[[ Extracted information open ]]
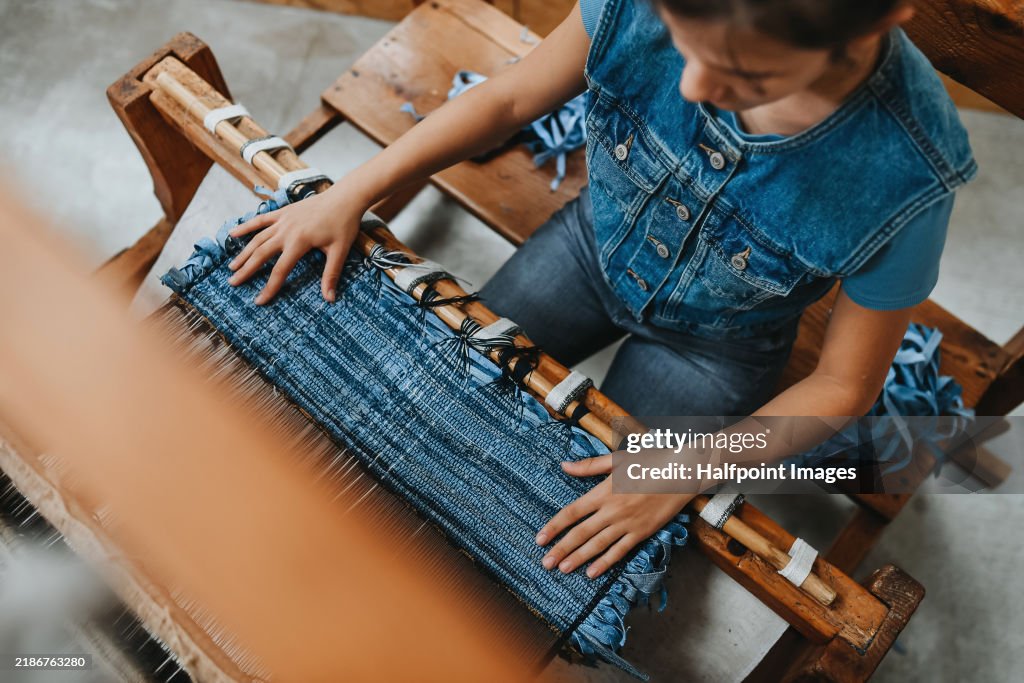 Teenage girl learning how to weave handmade products on traditional wooden loom. Girl helping in family business workshop.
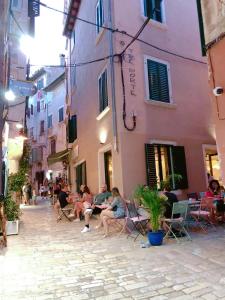 a group of people sitting in chairs on a street at Tre Porte Rovinj in Rovinj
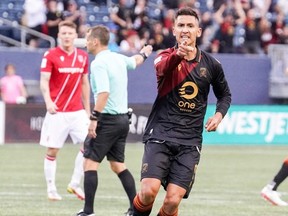 Valour FC's Walter Ponce (right) celebrates after scoring a goal in the second half against Cavalry FC at IG Field in Winnipeg on June 15, 2022.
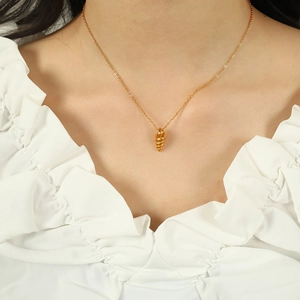 Elegant gold conch shell pendant necklace on female neck with white lace shirt background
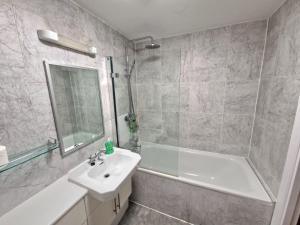 a bathroom with a sink and a tub and a shower at Northern Quarter Flat in Manchester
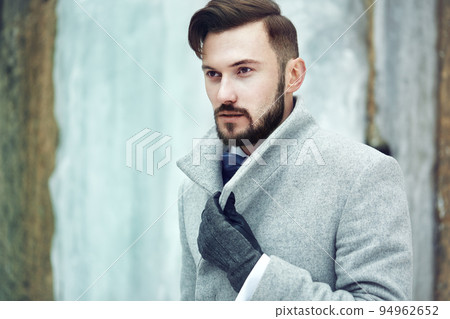 Outdoor portrait of handsome man in gray coat 94962652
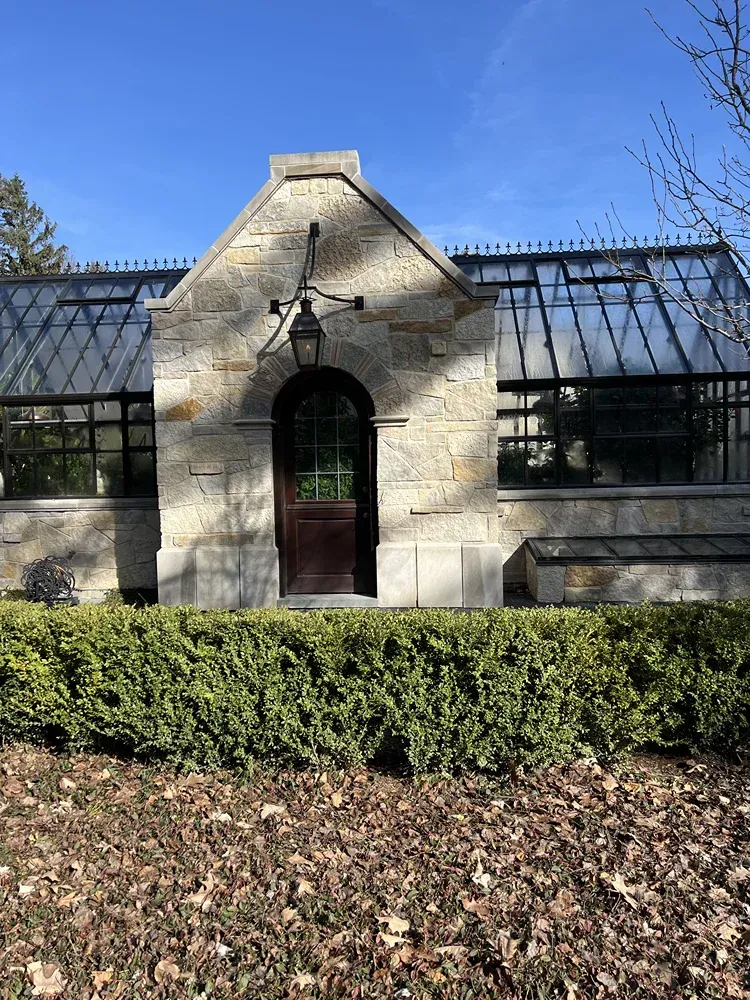 A greenhouse is surrounded by bushes and leaves on a sunny day.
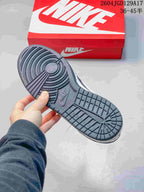Underside of the dark navy sneaker showing its patterned outsole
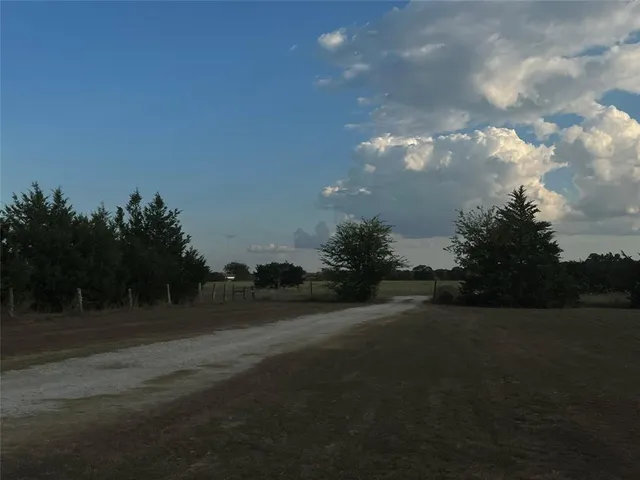 a view of pool with lawn chairs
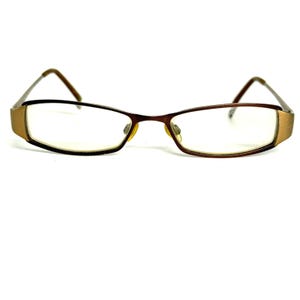 May include: Rectangular eyeglasses featuring a dark brown frame with metallic gold-toned accents on the outer edges. The glasses have clear lenses, a thin bridge, and adjustable nose pads, with slender brown arms extending from the sides.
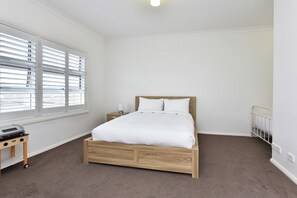 Quarto com cama de madeira, mesa de cabeceira, abajur e janela com persianas.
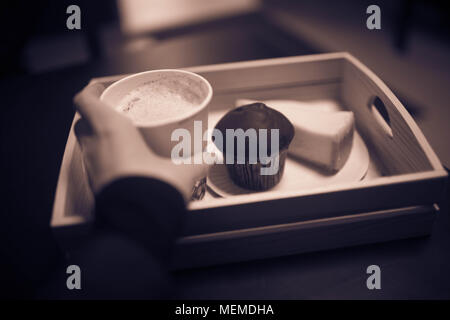 Woman's hand holding a Cup of coffee. Stock Photo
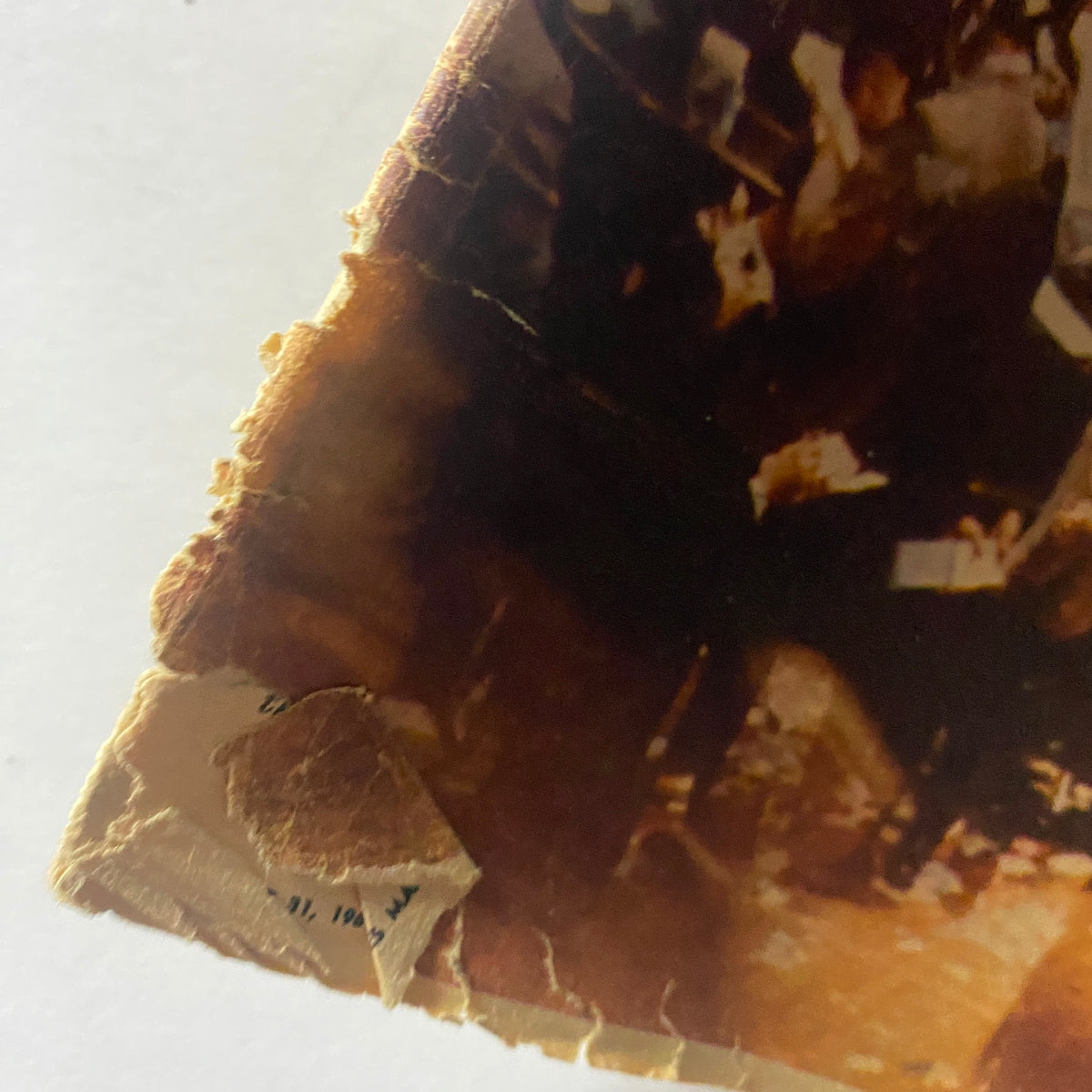 Close-up image of the damaged corner of The New York Times Magazine from August 31, 1969, illustrating the wear and tear of the vintage publication, further emphasizing its historical value.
[[ Extracted information closed ]]
◆ **Work required**:
Restate the lines of the records exactly, starting at the first and stopping after the line with "a group of people". Leave out any picture.

◆ **Task response**:
 Teenage girl learning how to weave handmade products on traditional wooden loom. Girl helping in family business workshop.
 a group of people sitting in chairs on a street at Tre Porte Rovinj in Rovinj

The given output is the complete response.